Recently, goethite has been used in various fields such as in pigment as a source of ferrite and as a source of magnetic powders for magnetic recording media. The demand for goethite has therefore increased.
Various processes for producing a hydrated iron oxide comprising goethite as a main component by mass production methods and at economical cost have been proposed, in view of the increase in demand for goethite.
Goethite has been produced by adding an aqueous solution of a base at a concentration of 10 to 50% of the base sufficient for neutralization, to an aqueous solution of a ferrous compound such as ferrous sulfate to give a pH of about 4 and then bubbling air into the solution. The resulting goethite has not been of satisfactory quality because of the incorporation of relatively large amounts of impurities and the uneven configuration of particles which make the product unsatisfactory as a source of magnetic recording media.
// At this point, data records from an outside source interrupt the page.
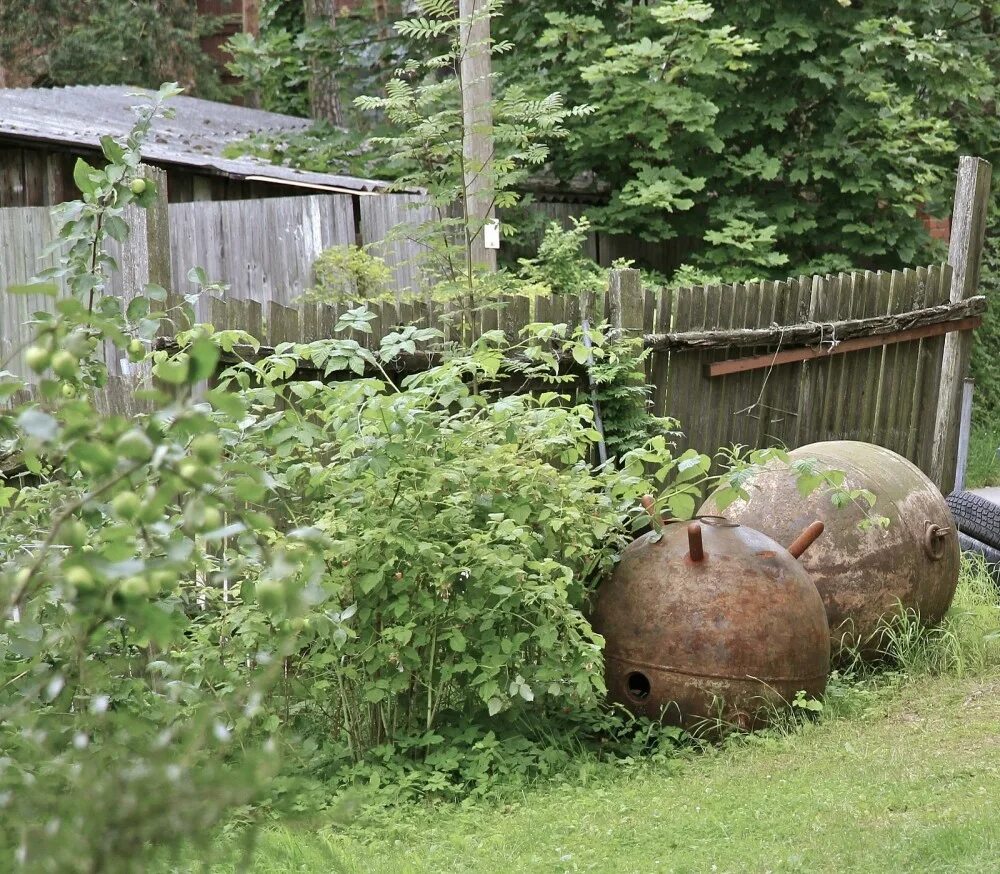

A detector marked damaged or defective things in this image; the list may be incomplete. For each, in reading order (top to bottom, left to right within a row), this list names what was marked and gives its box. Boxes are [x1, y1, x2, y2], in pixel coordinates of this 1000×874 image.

rusty metal bar on fence [708, 316, 980, 378]
rusty spherical metal tank [592, 516, 828, 724]
rust stains on metal [592, 516, 828, 724]
large rusty sphere [592, 516, 828, 728]
large rusty sphere [700, 440, 956, 656]
rusty spherical metal tank [700, 440, 956, 656]
rust stains on metal [700, 440, 964, 656]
A process for producing goethite by oxidation under alkaline conditions instead of under acidic conditions has been proposed to overcome the above-mentioned disadvantages, and goethite of high purity with an even configuration of particles has been obtained in this way. The process, however, has disadvantages. Since the oxidation is carried out under alkaline conditions, it requires about twice the amount of base required for neutralization of the ferrous compound. The use of a large amount of a base is disadvantageous from the point of increased production costs and the difficulty of water washing to remove the base after the reaction. There is also the problem that sodium hydroxide the base most commonly used, is still produced in large quantities by the mercury process which is a source of pollution.
It has been proposed to produce goethite from a ferric compound instead of the ferrous compound as the starting material. In the latter process, a base is added to an aqueous solution of the ferric compound in an amount slightly in excess (by a few %) of the amount required for neutralization and the mixture is treated by ageing for a long period or treated in an autoclave at a high temperature such as 150 to 2000C for about 1 hour to obtain goethite. The resulting goethite is of high purity with an even configuration of particles and thus of high quality. It takes about 100 to 200 hours to obtain goethite of good industrial quality by the ageing treatment. The productivity is remarkably low. On the other hand, treatment in an autoclave is not suitable for economical industrial mass production.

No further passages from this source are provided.